14. The automatic testing system of claim 1, wherein:

the input means selectably generates disconnection commands; and

the interrogating means in response to disconnection commands interrogates the memory for indications representing connections between the terminals of first and second preselected groups of terminals, and

the generating means generates switch control signals so as to disconnect any terminal of the second group connected to a bus upon disconnection of a terminal of the first group from the same bus.

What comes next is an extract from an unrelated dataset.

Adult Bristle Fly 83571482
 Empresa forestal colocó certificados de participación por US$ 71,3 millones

15. The automatic testing system of claim 1, wherein:

at least one device may be connected to a unit terminal by more than one circuit path in response to a command by the input means;

the memory contains stored indications identifying such device;

the control means further includes means responsive to a device connection command for interrogating the memory for the existence of said identifying indication; and

means jointly responsive to detection of said identifying indications and to said connection command for precluding the generation of switch control signals by the generating means if the connection command does not include instructions to connect said device by more than one circuit path.

16. The automatic testing system of claim 1, wherein:

the input means selectively generates command signals for storing in the memory a designation representing a particular bus for use in an interconnection; and

the interrogating means interrogates the memory to provide an indication if the particular bus was not previously designated and the terminal to be connected in response to the existing command is connected to a different bus.

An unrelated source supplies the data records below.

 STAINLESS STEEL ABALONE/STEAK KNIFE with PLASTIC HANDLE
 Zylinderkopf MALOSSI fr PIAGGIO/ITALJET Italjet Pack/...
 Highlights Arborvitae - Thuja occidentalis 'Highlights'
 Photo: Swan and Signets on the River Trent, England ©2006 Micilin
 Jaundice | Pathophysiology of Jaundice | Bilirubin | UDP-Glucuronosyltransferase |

17. The automatic testing system of claim 1, wherein the control means includes:

means for determining whether an existing command includes an instruction to connect a device terminal to a unit terminal via a particular bus; and

means responsive to said determining means for interrogating the memory for the presence of any existing connections of the terminals of the device to that particular bus and for providing an indication if such existing connections equal a predetermined number.

18. The automatic testing system of claim 1, wherein:

the generating means in response to a command signal generates plural signals for operating the switch means associated with the device terminal to connect respective plural devices to the available bus.

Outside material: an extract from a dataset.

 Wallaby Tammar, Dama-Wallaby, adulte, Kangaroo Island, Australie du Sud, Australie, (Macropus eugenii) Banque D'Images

19. The automatic testing system of claim 18, wherein:

at least one of said plural devices is a stimulus device and another of said plural devices is a measurement device.

20. The automatic testing system of claim 18, wherein:

said plural devices are measurement devices.

21. The automatic testing system of claim 1, wherein:

the generating means in response to a command signal generates plural signals for operating the switch means associated with respective unit terminals so as to connect plural unit terminals to the available bus.

22. The automatic testing system of claim 1, comprising:

a source code memory accessible by said input means for storing source code signals representing a programmable command for interconnecting the selected terminals;

memory means associated with said control for storing a set of executable code signals representing at least one predesignated routine which includes the interrogation and indication storing functions of the control means; and

means for converting the stored source code signals into a hybrid signal code, and for storing said hybrid signal code in one of said memory means for execution when interconnecting the selected terminals;

said hybrid signal code comprising (1) a call to said executable code signals representing the predesignated routine and (2) relevant source code signal information of the selected terminals to be interconnected,

said switch control generating means being jointly responsive to the stored executable signal code and to said stored record of existing connections during execution of the programmed command for generating switch control signals addressed to operate the switch means associated with said available bus.